I want to go back to Daniel’s question about the hierarchy. He asked about memory specifically. How does memory fit into the priority list? If I tell the A-I today that I am a vegan, but then tomorrow I ask for a steak recipe, what happens in the stack?
This is where it gets really interesting. The memory layer usually injects a fact like, the user is vegan. But your current prompt is, give me a steak recipe. Most modern models in twenty-twenty-six are smart enough to recognize the conflict. They might say, I remember you mentioned you are vegan, are you looking for a plant-based steak recipe, or do you want a traditional one?
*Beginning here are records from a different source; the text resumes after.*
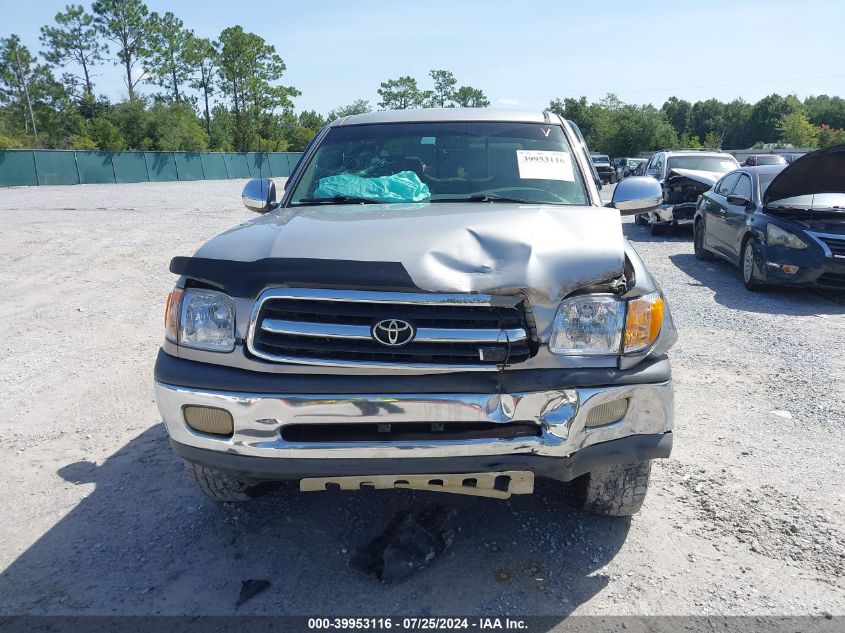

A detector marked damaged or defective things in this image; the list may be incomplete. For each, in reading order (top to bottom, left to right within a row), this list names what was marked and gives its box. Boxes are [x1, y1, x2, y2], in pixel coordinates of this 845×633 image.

deployed airbag [314, 170, 432, 202]
row of damaged car [632, 144, 844, 292]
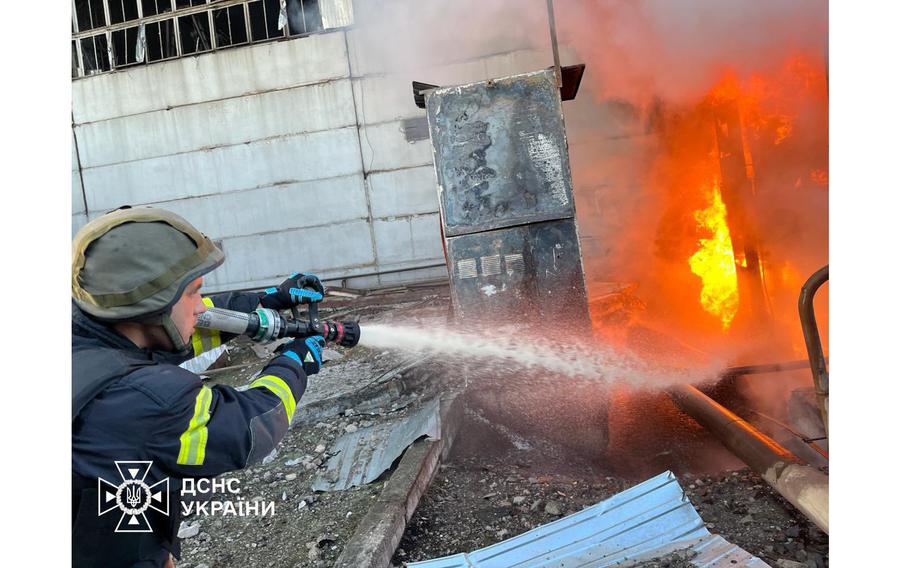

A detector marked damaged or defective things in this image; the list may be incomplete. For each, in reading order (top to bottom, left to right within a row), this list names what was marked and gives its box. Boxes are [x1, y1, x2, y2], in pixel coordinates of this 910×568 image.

broken window [214, 4, 249, 48]
broken window [248, 0, 284, 42]
broken window [290, 0, 326, 35]
charred metal panel [430, 70, 576, 236]
charred metal panel [428, 69, 592, 326]
rusty pipe [800, 266, 832, 434]
rusty metal beam [800, 264, 832, 438]
rusty pipe [668, 384, 832, 536]
rusty metal beam [668, 384, 832, 536]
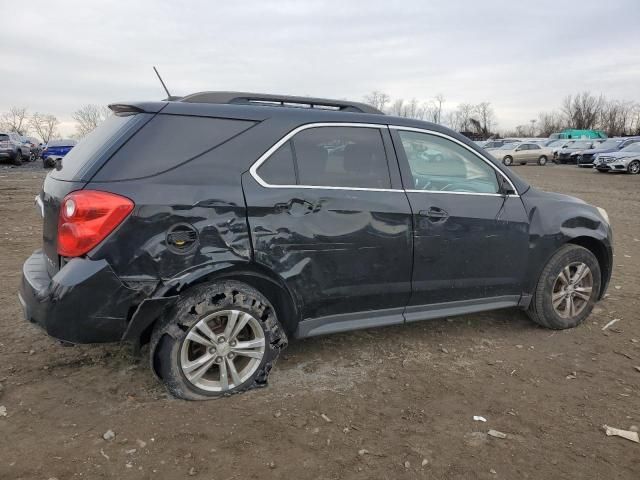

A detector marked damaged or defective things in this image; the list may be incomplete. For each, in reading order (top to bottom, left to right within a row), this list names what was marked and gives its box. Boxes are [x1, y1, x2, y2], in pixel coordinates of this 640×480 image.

damaged rear door [242, 122, 412, 336]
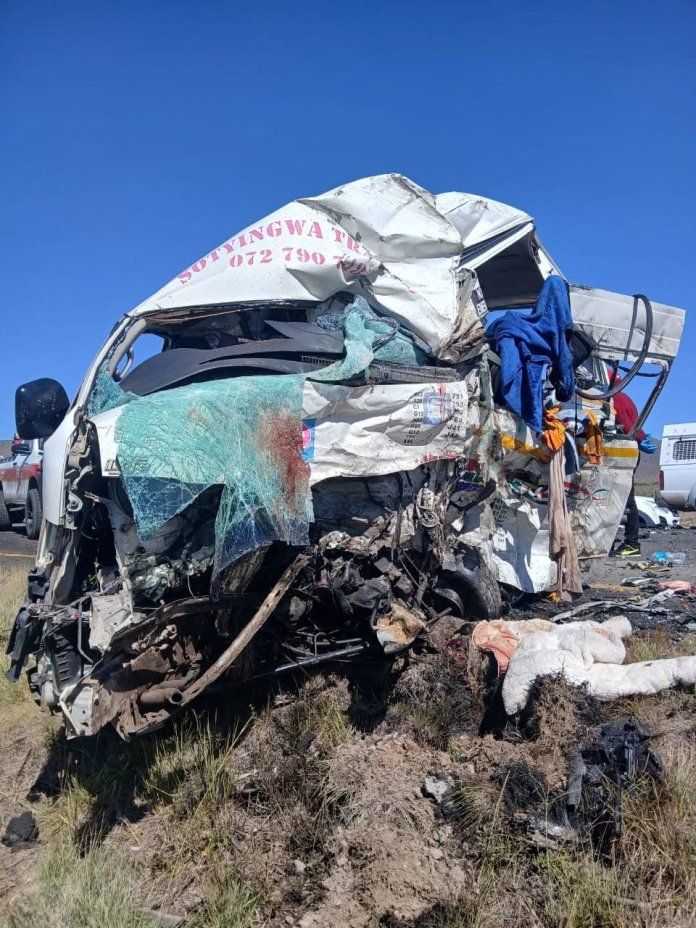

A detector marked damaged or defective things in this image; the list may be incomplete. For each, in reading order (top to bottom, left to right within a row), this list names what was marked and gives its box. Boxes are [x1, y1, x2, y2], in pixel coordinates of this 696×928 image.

crumpled roof [130, 172, 532, 358]
broken side mirror [15, 376, 69, 438]
torn blue clothing [486, 276, 572, 436]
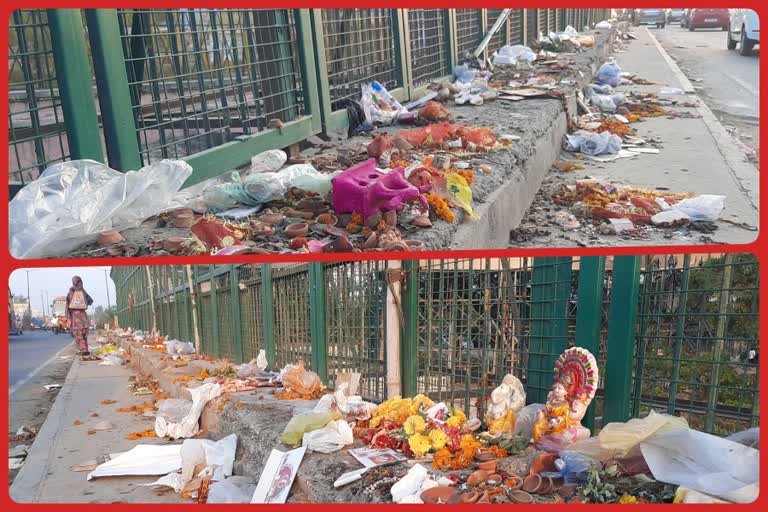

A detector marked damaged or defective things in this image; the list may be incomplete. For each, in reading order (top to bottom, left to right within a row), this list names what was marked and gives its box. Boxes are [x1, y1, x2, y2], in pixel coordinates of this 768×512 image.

broken clay pot [97, 230, 124, 246]
broken clay pot [282, 223, 308, 239]
broken clay pot [420, 484, 456, 504]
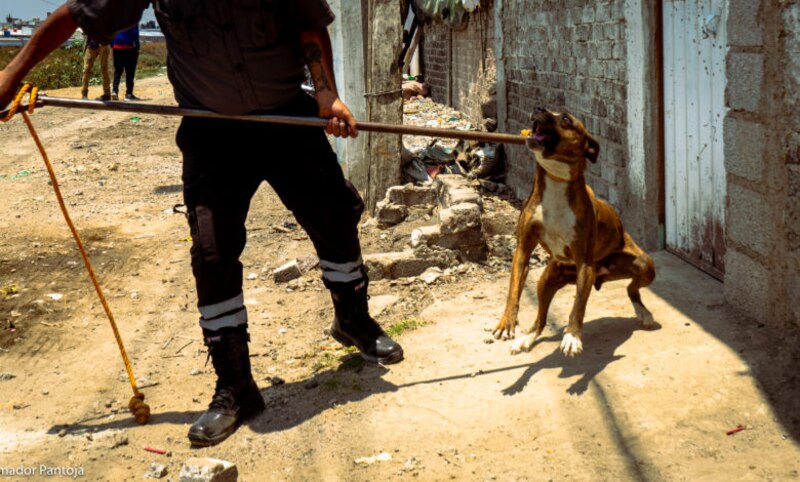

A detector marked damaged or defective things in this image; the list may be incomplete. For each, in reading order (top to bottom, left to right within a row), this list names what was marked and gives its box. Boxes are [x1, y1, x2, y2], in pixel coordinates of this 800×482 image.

broken concrete block [388, 184, 438, 206]
broken concrete block [376, 200, 410, 226]
broken concrete block [438, 202, 482, 234]
broken concrete block [272, 260, 304, 282]
broken concrete block [177, 458, 236, 482]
So it is not just a hierarchy of who wins, but more like a synthesis. The model is trying to reconcile all these different layers of the stack into one coherent response.
Precisely. It is performing a balancing act. It has to satisfy the vendor’s safety rules, your custom instructions, the facts from your memory, the context of the previous conversation, and your immediate request. It is like a short-order cook trying to make a meal while a health inspector, a nutritionist, and the customer are all shouting instructions at the same time.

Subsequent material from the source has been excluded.